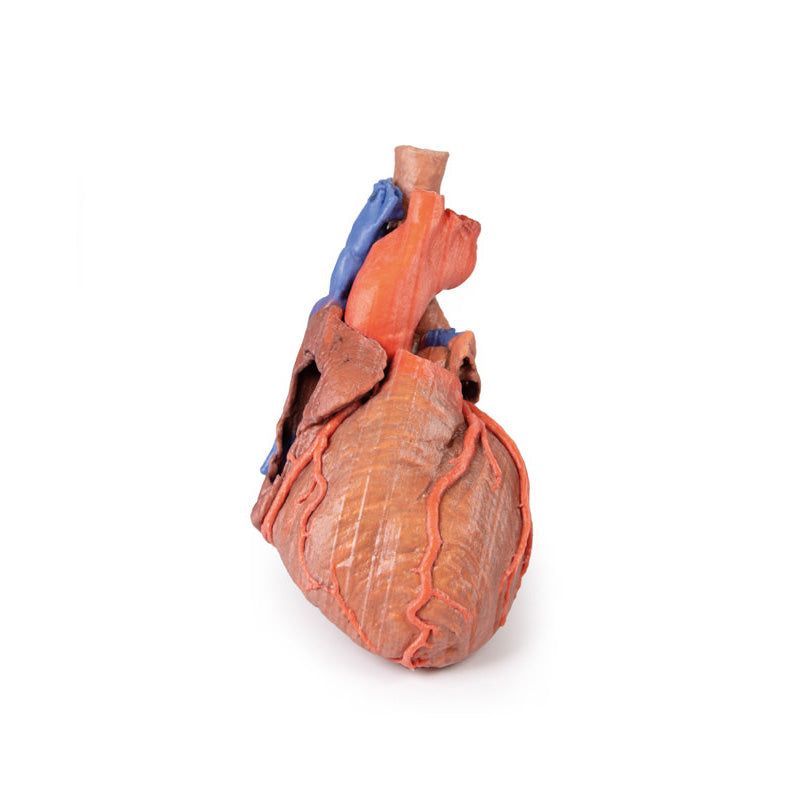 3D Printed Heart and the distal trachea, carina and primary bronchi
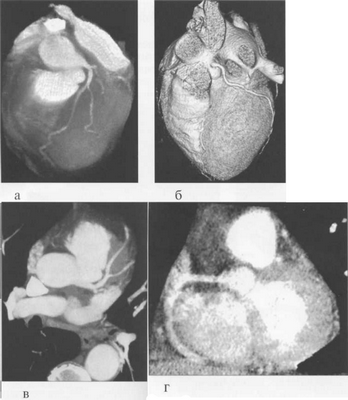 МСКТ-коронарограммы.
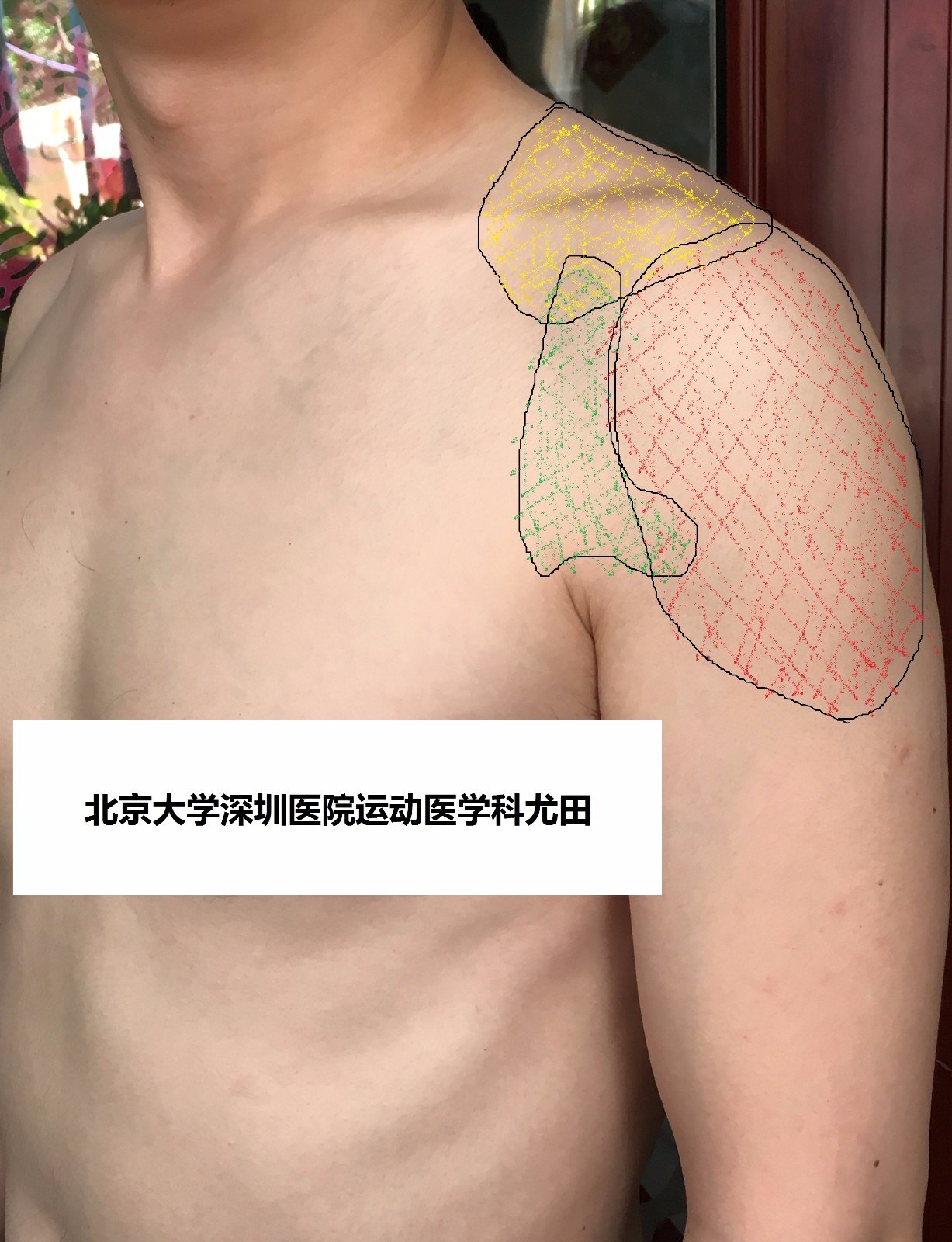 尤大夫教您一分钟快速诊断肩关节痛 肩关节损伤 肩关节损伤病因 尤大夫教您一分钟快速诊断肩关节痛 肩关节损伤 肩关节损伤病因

--*--

*Exercise requirements*.
Where a picture appears in the data, omit it; restate the rest word for word.

*Response below*.
 3D Printed Heart and the distal trachea, carina and primary bronchi
 МСКТ-коронарограммы.
 尤大夫教您一分钟快速诊断肩关节痛 肩关节损伤 肩关节损伤病因 尤大夫教您一分钟快速诊断肩关节痛 肩关节损伤 肩关节损伤病因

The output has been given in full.